Details
-
Bug
-
Status: Open (View Workflow)
-
Major
-
Resolution: Unresolved
-
10.3.14
-
Centos 7.6.1810, packages from http://yum.mariadb.org/10.3/centos, server has ample CPU (load is ever low), and SSD disks
Description
We have been running a galera cluster for well over a year. After user training and switching to SST via mariabackup we have had a very stable environment.
Overnight yesterday one of the nodes fell out of the cluster. We could not find any explanation for that, the only thing we found whas that a SST started and it run some loops during the night. The other nodes (one maria, one garb) were happy and working well.
In the morning it had stopped trying to SST and not understanding what went wrong we restarted it and looked around. We finaly looked in the mariabackup.backup.log file and found this at the end:
{{
[00] 2020-06-08 15:54:44 >> log scanned up to (2778837446166)
[01] 2020-06-08 15:54:44 ...done
[00] 2020-06-08 15:54:44 Executing FLUSH NO_WRITE_TO_BINLOG TABLES...
[00] 2020-06-08 15:54:45 >> log scanned up to (2778837458765)
[00] 2020-06-08 15:54:46 >> log scanned up to (2778837501724)
[00] 2020-06-08 15:54:47 >> log scanned up to (2778837521685)
[00] 2020-06-08 15:54:47 Executing FLUSH TABLES WITH READ LOCK...
[00] 2020-06-08 15:54:48 >> log scanned up to (2778837561200)
[00] FATAL ERROR: 2020-06-08 15:54:48 failed to execute query FLUSH TABLES WITH READ LOCK: Lock wait timeout exceeded; try restarting transaction
}}
I experimented some with running "FLUSH TABLES WITH READ LOCK" on the running node and the command completed in 1-6 seconds, or just hung indefinitly, or failed at once with "Lock wait timeout exceeded; try restarting transaction".
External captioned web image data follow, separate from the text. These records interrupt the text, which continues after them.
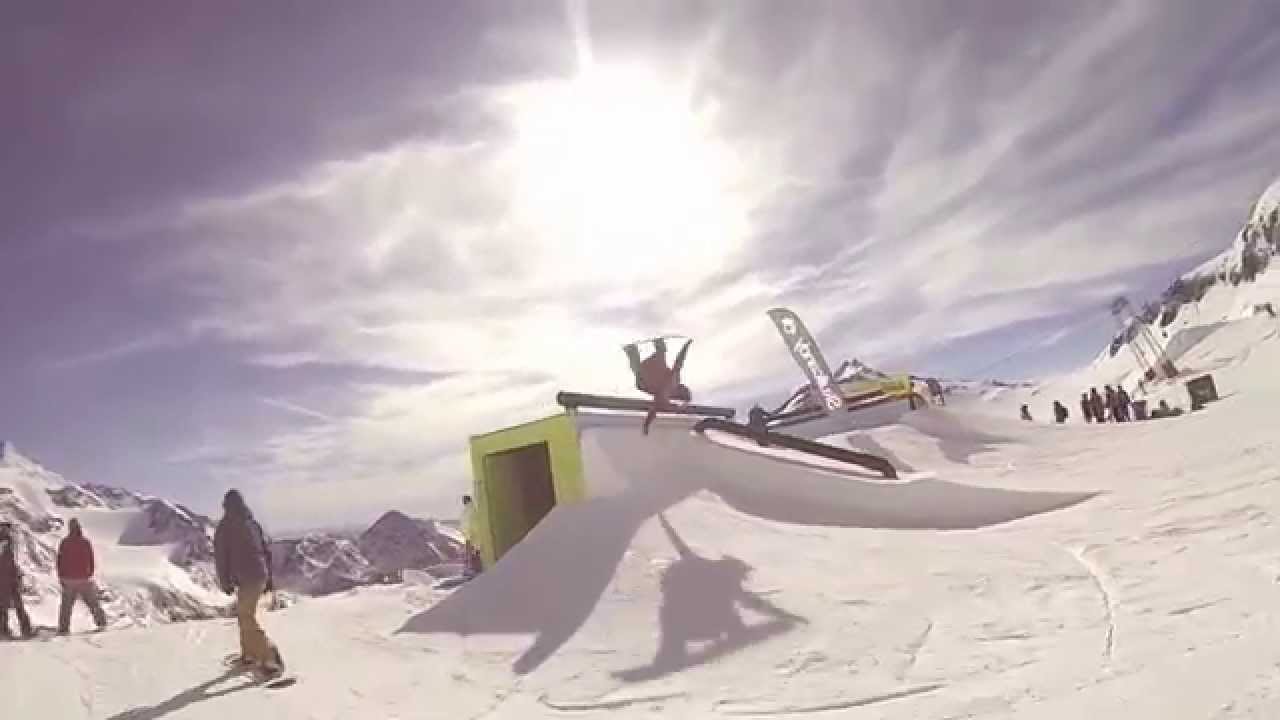 Len Jorgensen Top to Bottom run through the Stubai Park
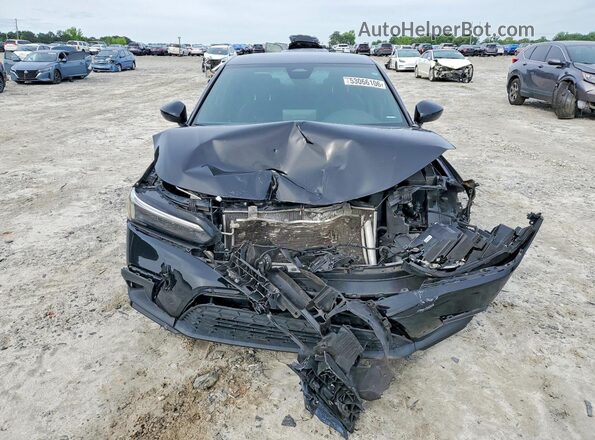 2HGFE2F57NH605762 2022 HONDA CIVIC Black წინა ხედი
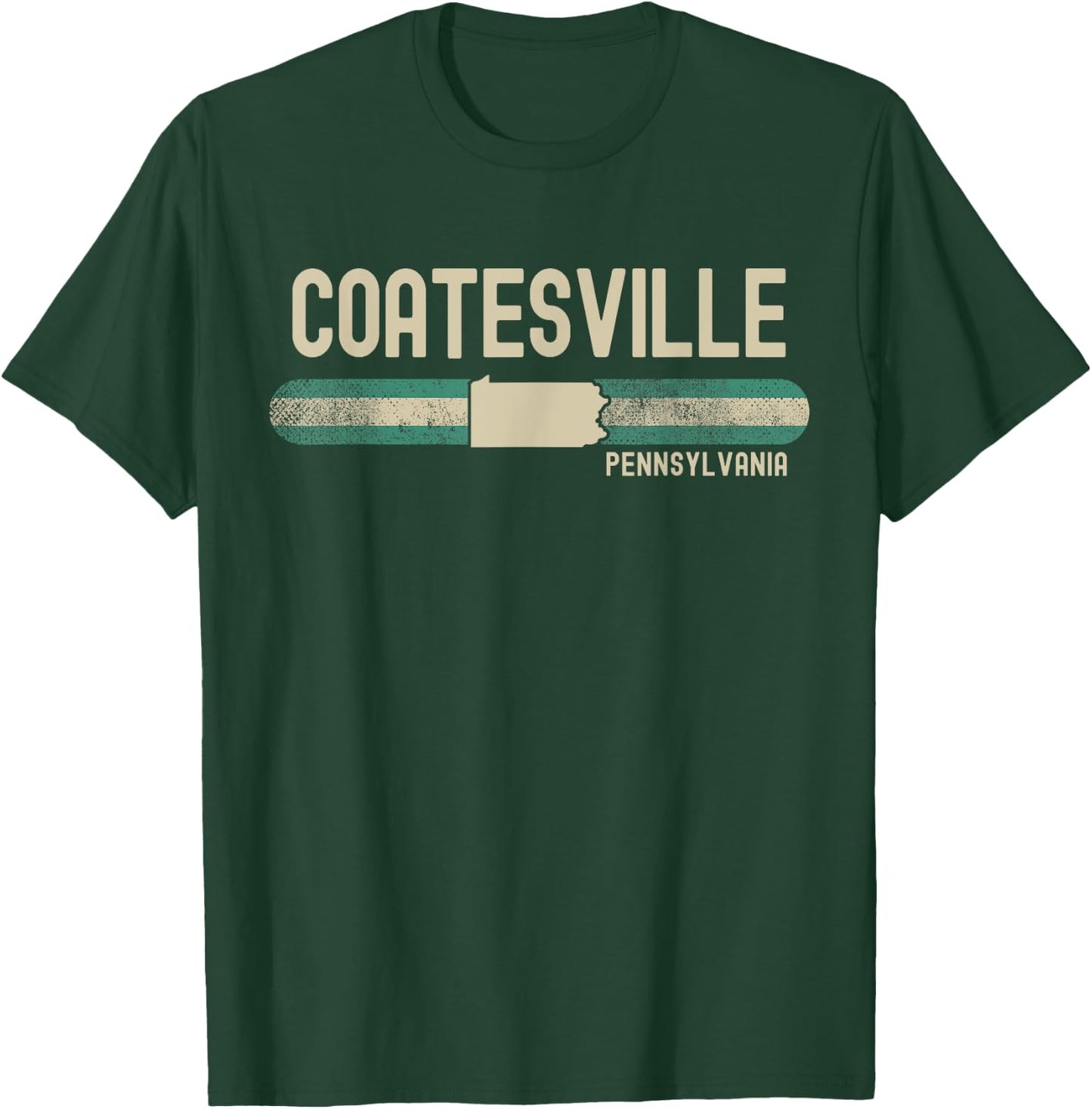 Coatesville PA | Pennsylvania | Travel & 80s Style T-Shirt - T-Shirt | Forest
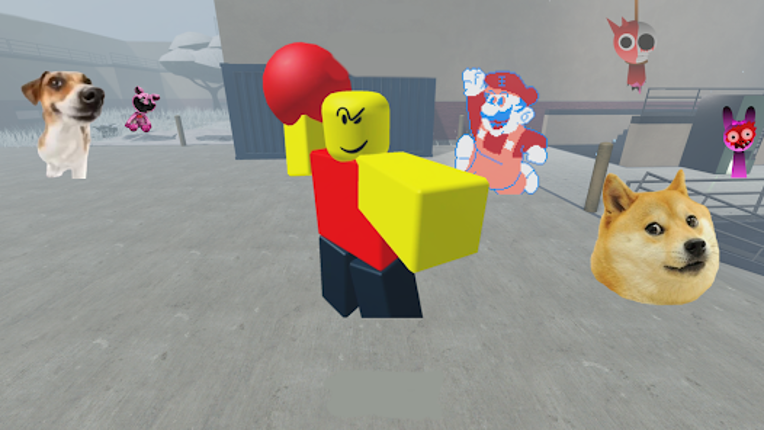 Nextbots in backrooms Obunga Image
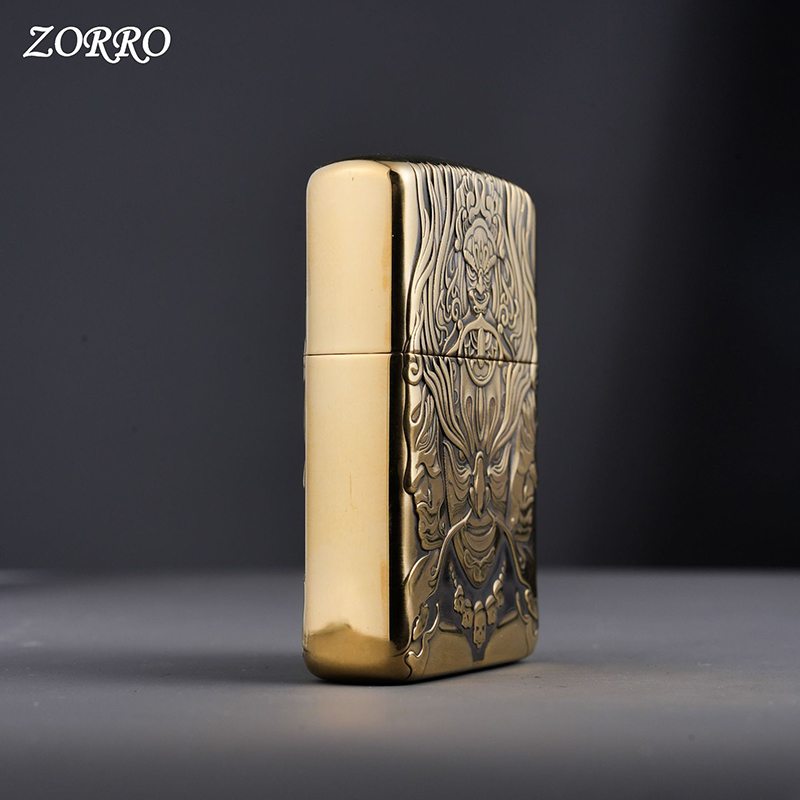 Vỏ Hột Quẹt Bật Lửa Xăng Đá Zorro Z19 Họa Tiết 3D Cực Độc Đáo Nắp Giữ Xăng Kín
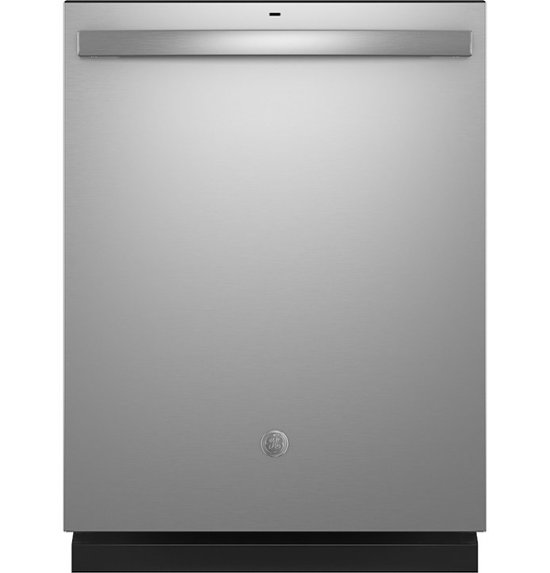 Front. GE - Top Control Built In Dishwasher with Sanitize Cycle and Dry Boost, 50 dBA - Fingerprint Resistant Stainless Steel.
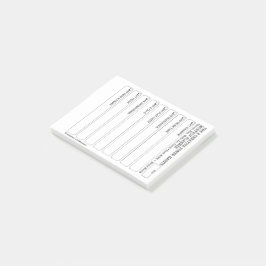 8CPH Maandelijkse Planner Tracker Post-it Pad Post-it® Notes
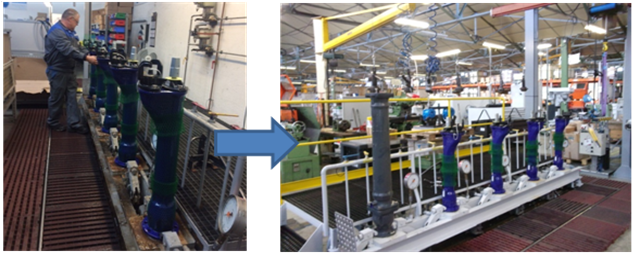 Illustration du démanagement de l'usine
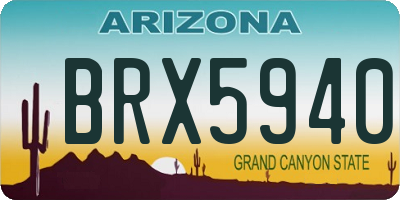 AZ license plate BRX5940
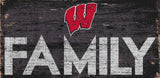 Wisconsin Badgers Wood Sign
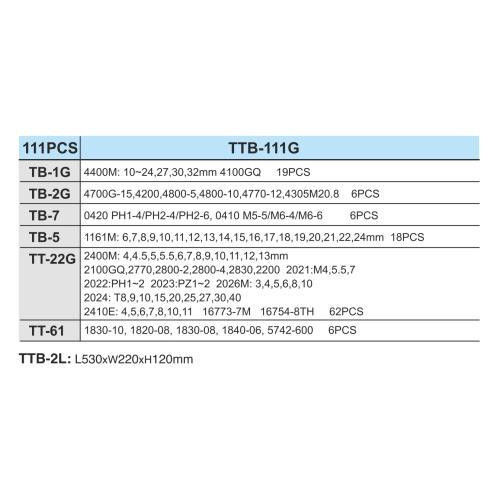 Набір інструмента 111 предметів (TTB-111G) HANS Одеса - фото 3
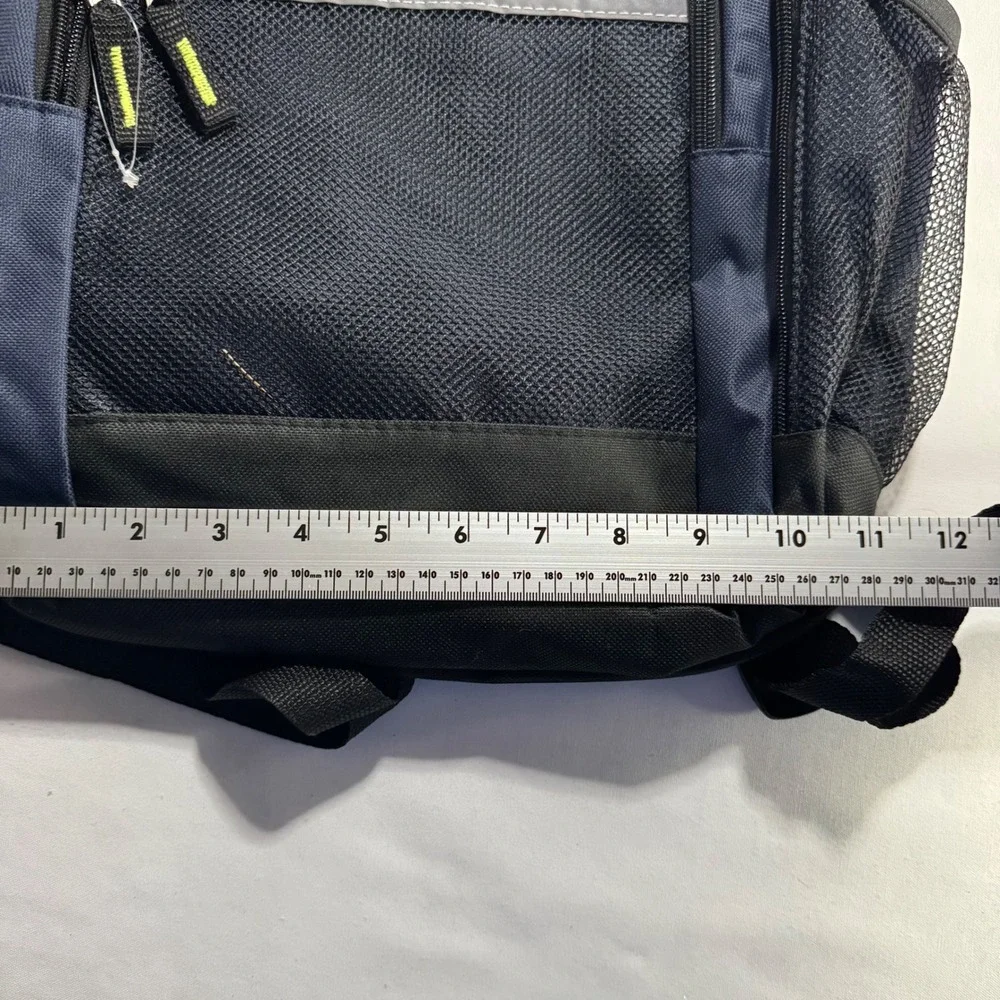 Summit Ridge Backpack Navy‎ Blue Black Reflective Mesh Pockets F266 C51580 Top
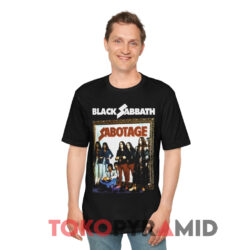 Vintage Black Sabbath Sabotage Black T shirt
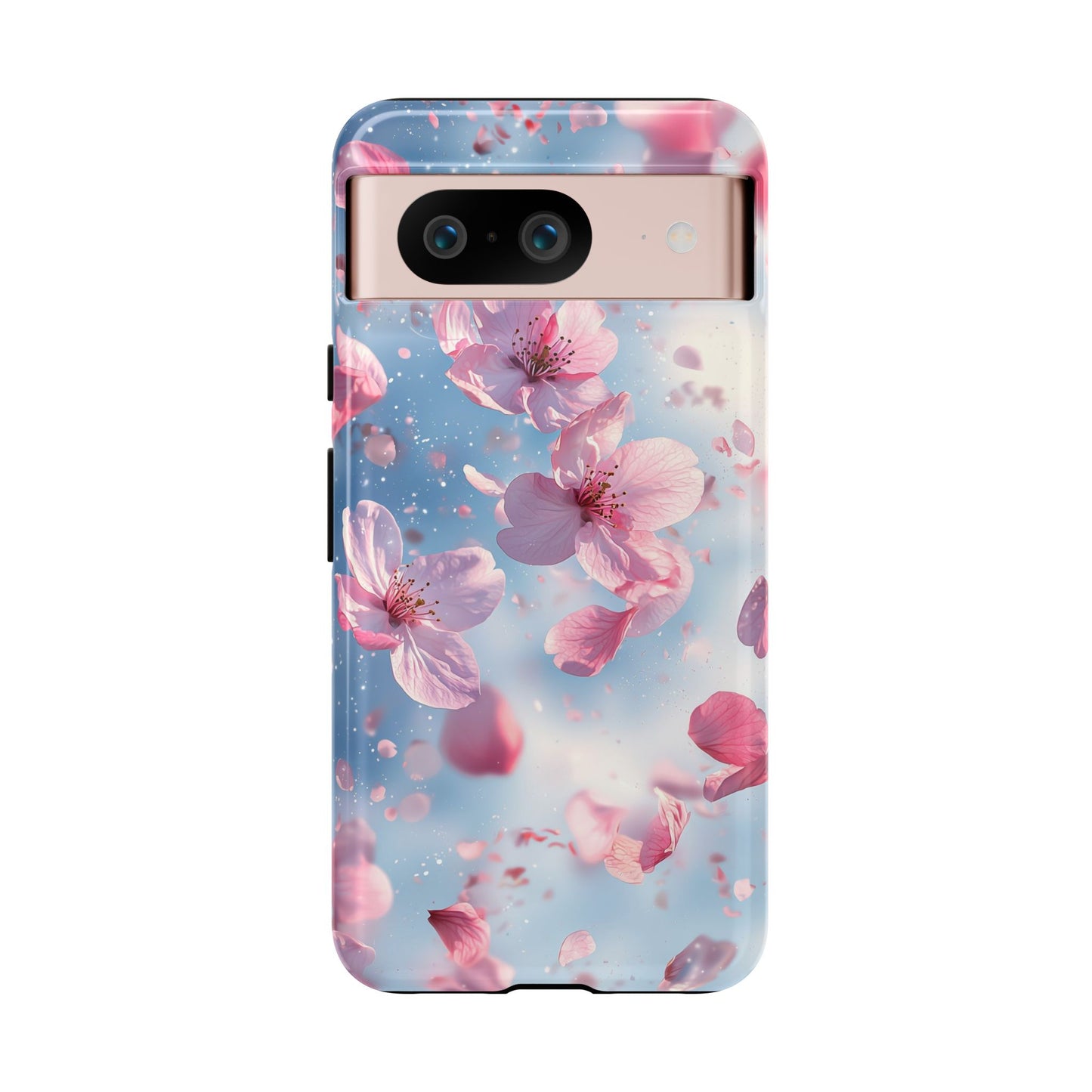 Cherry Blossom Drift Watercolor Phone Case for iPhone, google Pixel & Samsung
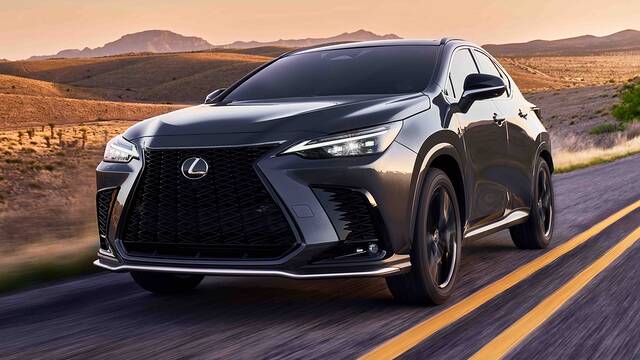 2025 Lexus NX 350 F Sport driving front view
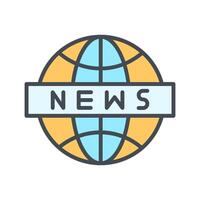 News Globe Icon Design vector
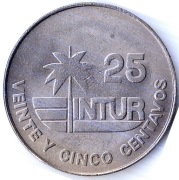 KUBA 25 centavo (INTUR) 1981, KM# 418, UNC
As far as we could gather from the mariabackup documentation mariabackup will attemt to aquire the lock and fail if it's not immediately able to get it. My colleague approached this from a different direction and he made one change to our /etc/my.cnf.d/galera.cnf file: inserting a "innodb_lock_wait_timeout=100" before I could propose adding {--ftwrl-wait-timeout=#} in the script.
After this the SST completed without issue and we have lived happily ever after.
We think that perhaps the possible need to wait for the lock should be part of the galera documentation. Also not waiting at all is maybe a bit hash?